As mentioned by the Commissioner during the conference from March 6, “online tools to simplify administrative, tax or insurance requirements for home and family workers would go a long way in helping to bring out what remains to a large extent an undeclared sector“. Domestic employment suffers from the persistence of a tradition of informality of domestic chores, often taken care of by relatives or by employees recruited outside from traditional professional procedures. The necessary professionalization of domestic employees and their recognition as well as that of the individual employers, values defended by EFFE, calls for an increased and facilitated access to and use of digital technologies.
As soon as adequate public systems or devices will be applied so as to encourage work declaration by employing households, declaration procedures will be greatly facilitated and accelerated – especially through digital platforms easy to use and therefore incenting to formalize domestic workers.

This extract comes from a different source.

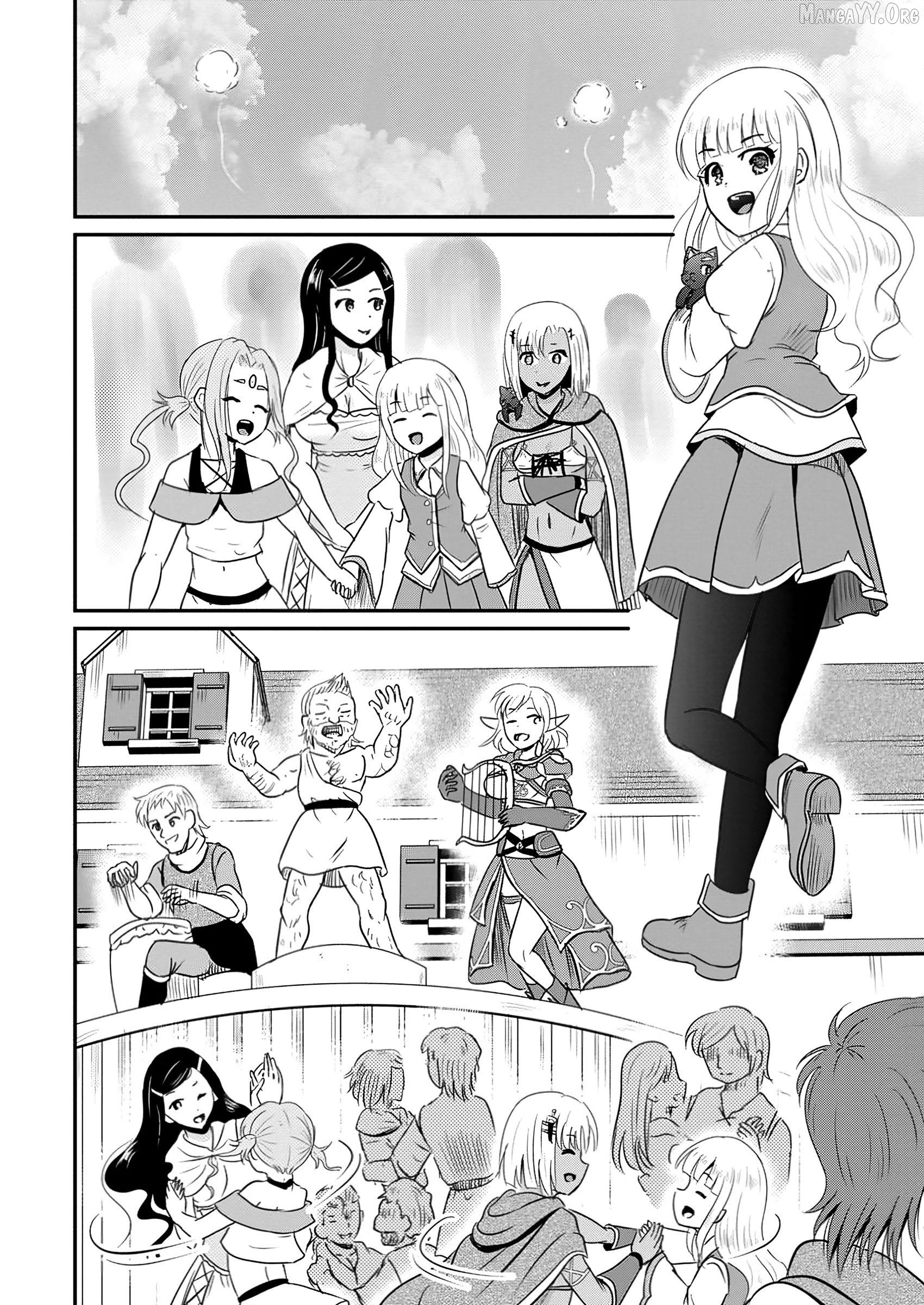 The Frontier Life of The Low-Class Ossan Healer And The Lovery Girl Chapter 60 - page 2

Such a step shall also allow better accountability of the sector, better understanding of its stakes and better statistical assessment and census by Member States and European Union public policies.

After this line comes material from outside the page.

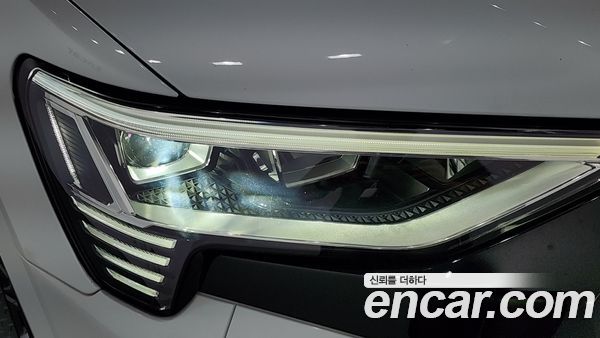 Audi Q8 e-tron 2024, фото 8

France has for instance already taken some significant steps, notably through the 2003 digitization of Chèque emploi-service universel (CESU), the national domestic work voucher service, and the possibility of declaring an employee’s home online. Rethought in 2018, the site www.cesu.urssaf.fr is now accessible from a smartphone and allows not only the declaration of the employee, but also his direct remuneration deducted from contributions and other social taxes, automatically transferred to public treasury, as well as the consultation of paychecks and other administrative documents. In 2017, no less than 1.9 million French employers digitally declared 14 million domestic services provided by 600,000 domestic workers – allowing an estimated €2 billion social contributions public recovery. Digitization would also be a valuable tool for centralizing domestic job offers and requests and making it easier for a whole range of the population seeking domestic care and support. Belgium has also digitized its Titres-services, or Dienstencheques, with online declaration websites developed in 2017 for each of the 3 country’s regions: Wallonia, Flanders and Brussels-Capital.
Through its White Paper, EFFE draws up political proposals toward European and national decision makers to improve the lives of millions of European citizens for the next term of office. The 8th proposal requires better institutional support for digital inclusion and for greater development of collaborative platforms: older people are particularly affected by the digital divide in the EU, as they suffer from difficulty of using digital technologies because of their lack of habit and generally lack of adequate training for these uses. According to Eurostat, if 90% of people under 55 in the 28 countries of the European Union use the Internet on a regular basis, this figure falls to 78% for people aged 55 to 64, then to 58% for people aged 65 and over.
The next multiannual financial framework of the European Union, i.e. the comprehensive budget plan of the European Union including all planned expenditure over a period of 6 years, will extend from 2021 to 2027, and though being still in negotiations between the three institutions, it is already promising to focus on the digital economy with a projected budget of €9.2 billion, categorized within the Digital Europe program. Within this budget, more than €700 million will be entirely dedicated to the development of digital skills of citizens. Such an objective also coincides very opportunely with the process of professionalization of the domestic employees EFFE has committed itself to achieve: increasing skills related to the use of technologies and digital tools will soon be an unavoidable condition required from domestic workers to accompany the elderly or the disabled in their administrative procedures.
A major political objective in the EU’s agenda for the next decade, digital technologies are bound to replace human action in a wide array of industrial, professional and sectors areas. The issue of artificial intelligence has for example been thoroughly looked through by the European Commission in the past couple years, with tenders dedicated to technological startups and specialized companies – sketching a world of possibilities regarding future use of domestic tools (home automation, online trade, entertainment and AV, private security). When it comes to home employment sector, it would seem rather wise to reach a smart balance between digital and technological revolution that would still be factor of human and economic progress, and maintaining the human capital in delivering human-centered services to the most vulnerable.